A Câmara dos Deputados criou nesta quarta-feira (7) uma comissão especial para tratar da proposta de emenda à Constituição (PEC) da Reforma Eleitoral.

A ideia é usar uma PEC de 2011 que, originalmente, trata apenas da proibição de realização de eleições em data próxima a feriado nacional. Os parlamentares, no entanto, querem discutir outros temas que também exigem mudanças na Constituição, como a definição de um novo sistema eleitoral.

Um grupo de deputados tenta, por exemplo, incluir nessa PEC a adoção do chamado "distritão" – um sistema que, segundo cientistas políticos, enfraquece a representatividade dos partidos e favorece a eleição de políticos "celebridades". A provável relatora do texto já admitiu a possibilidade de debater o tema na comissão.

Ao aproveitar essa PEC, na prática, a Câmara queima uma etapa importante da análise dessas outras mudanças. Isso, porque a proposta de 2011 já foi aprovada em 2015 pela Comissão de Constituição, Justiça e Cidadania (CCJ) da Casa. A CCJ é responsável por dizer se os projetos afrontam, ou não, a Constituição Federal.

A mudança para o "distritão" e o fim da cláusula de barreira (entenda abaixo), por exemplo, não foram analisados pela CCJ e devem enfrentar forte resistência entre os parlamentares.

O anúncio da comissão especial foi feito em plenário pelo deputado Eduardo Bismarck (PDT-CE), que presidia a sessão. Agora, os líderes partidários devem indicar membros para o colegiado. Não há data para que a comissão seja efetivamente instalada.

A PEC terá de ser aprovada até outubro para que as mudanças possam valer já nas eleições 2022. Caso contrário, as novas regras terão de ser adiadas pelo menos para 2024, já que a Constituição proíbe mudanças feitas com menos de um ano de antecedência.

A deputada Renata Abreu (PODE-SP) deve ser indicada como relatora da matéria, por acordo.

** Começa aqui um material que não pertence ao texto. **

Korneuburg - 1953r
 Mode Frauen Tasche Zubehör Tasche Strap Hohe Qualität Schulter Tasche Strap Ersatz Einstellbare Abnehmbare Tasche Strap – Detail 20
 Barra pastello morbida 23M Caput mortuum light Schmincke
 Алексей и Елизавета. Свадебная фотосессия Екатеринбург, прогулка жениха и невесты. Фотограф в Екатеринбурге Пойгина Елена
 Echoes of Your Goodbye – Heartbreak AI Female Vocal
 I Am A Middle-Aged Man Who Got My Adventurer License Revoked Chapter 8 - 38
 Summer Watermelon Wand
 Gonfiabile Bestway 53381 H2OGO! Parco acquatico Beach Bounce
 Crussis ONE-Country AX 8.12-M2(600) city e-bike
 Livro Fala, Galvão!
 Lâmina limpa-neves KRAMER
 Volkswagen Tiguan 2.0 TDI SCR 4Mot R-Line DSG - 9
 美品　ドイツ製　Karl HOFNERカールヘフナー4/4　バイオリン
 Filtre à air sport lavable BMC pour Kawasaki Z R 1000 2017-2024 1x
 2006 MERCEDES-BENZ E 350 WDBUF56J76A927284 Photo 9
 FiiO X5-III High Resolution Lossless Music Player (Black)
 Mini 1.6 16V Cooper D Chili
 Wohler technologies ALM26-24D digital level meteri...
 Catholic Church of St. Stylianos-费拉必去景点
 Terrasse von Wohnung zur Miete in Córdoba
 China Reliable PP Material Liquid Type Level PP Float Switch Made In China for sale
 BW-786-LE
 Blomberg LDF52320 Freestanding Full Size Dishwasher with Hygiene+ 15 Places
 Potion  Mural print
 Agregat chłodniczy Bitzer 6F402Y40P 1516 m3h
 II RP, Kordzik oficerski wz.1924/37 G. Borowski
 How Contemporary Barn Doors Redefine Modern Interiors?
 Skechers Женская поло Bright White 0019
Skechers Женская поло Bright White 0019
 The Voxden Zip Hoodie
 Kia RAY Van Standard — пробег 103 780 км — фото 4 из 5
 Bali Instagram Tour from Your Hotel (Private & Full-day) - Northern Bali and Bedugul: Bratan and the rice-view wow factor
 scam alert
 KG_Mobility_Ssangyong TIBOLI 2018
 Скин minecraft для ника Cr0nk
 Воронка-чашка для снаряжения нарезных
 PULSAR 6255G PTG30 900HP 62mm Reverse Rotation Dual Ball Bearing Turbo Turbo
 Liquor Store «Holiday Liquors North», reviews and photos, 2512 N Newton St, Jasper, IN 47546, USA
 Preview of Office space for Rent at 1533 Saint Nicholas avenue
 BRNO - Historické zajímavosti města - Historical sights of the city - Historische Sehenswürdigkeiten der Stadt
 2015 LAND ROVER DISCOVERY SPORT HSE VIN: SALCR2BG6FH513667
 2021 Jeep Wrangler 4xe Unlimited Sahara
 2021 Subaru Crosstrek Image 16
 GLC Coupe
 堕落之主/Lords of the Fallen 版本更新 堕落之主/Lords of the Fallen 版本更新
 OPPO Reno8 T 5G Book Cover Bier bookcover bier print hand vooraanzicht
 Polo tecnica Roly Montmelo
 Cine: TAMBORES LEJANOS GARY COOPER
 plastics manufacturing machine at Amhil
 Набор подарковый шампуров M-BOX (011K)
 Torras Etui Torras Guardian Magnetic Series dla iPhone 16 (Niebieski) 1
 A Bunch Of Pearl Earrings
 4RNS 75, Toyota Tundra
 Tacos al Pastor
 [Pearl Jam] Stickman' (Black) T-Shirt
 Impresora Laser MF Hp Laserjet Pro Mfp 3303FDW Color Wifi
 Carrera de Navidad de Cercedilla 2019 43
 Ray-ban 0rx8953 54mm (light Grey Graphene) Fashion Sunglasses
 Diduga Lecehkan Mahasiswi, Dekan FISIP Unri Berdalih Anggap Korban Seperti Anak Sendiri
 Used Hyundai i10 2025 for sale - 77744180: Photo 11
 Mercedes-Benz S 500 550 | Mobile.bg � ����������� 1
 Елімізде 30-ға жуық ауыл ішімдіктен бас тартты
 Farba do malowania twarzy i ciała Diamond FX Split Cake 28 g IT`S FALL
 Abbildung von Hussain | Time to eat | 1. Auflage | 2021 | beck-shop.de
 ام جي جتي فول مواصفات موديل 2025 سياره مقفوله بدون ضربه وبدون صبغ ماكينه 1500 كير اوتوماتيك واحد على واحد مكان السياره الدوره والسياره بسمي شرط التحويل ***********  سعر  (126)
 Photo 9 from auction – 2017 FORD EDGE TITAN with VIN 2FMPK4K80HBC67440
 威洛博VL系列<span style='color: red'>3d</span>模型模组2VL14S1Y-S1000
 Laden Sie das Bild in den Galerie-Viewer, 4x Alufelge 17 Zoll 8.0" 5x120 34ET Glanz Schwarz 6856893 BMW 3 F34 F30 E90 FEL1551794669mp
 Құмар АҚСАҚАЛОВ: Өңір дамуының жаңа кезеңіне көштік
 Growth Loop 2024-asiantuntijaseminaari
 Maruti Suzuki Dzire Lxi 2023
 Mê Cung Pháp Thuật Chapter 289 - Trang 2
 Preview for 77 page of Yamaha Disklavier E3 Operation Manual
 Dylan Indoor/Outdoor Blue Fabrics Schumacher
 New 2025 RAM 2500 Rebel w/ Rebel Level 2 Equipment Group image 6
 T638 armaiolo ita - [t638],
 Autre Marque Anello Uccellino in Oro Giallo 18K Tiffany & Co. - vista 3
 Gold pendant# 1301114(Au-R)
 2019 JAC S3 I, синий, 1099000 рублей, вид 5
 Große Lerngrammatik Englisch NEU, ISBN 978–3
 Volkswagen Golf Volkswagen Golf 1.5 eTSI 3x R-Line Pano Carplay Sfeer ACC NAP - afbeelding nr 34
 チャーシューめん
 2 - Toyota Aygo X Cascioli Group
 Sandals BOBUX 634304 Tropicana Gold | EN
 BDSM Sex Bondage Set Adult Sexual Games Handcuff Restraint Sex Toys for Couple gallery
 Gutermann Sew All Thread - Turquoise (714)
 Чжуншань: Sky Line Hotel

A parlamentar confirmou que a ideia é aproveitar a PEC de 2011 para propor outras mudanças que só podem ser feitas com emenda constitucional.

"Como já tinha essa PEC com admissibilidade, a gente vai discutir para propor [mudanças], porque tem prazo para votar até outubro. Então, é para ter uma discussão mais acelerada", disse.

Em fevereiro, a Câmara instalou um grupo de trabalho para tratar de mudanças na legislação eleitoral que não necessitam de PEC. São mudanças que não estão relacionadas à Constituição e, por isso, podem ser feitas com leis ordinárias.

Renata Abreu disse que a comissão a ser criada deverá montar um plano de trabalho com as modificações a serem propostas. A deputada não descarta, por exemplo, que a Câmara discuta a implementação do sistema conhecido como "distritão".

"A ideia é debater todos os sistemas eleitorais e se decidir por algum, ou nenhum, ou ajustes no atual. [Vamos discutir] Todos os sistemas, distrital misto, distritão, a ideia é discutir o que é possível ter o mínimo de consenso. Não é o que eu quero, é o que é possível."

O modelo atualmente em vigor é o proporcional, em que as cadeiras de deputados federais são distribuídas proporcionalmente à quantidade de votos recebidas pelo candidato e pela legenda.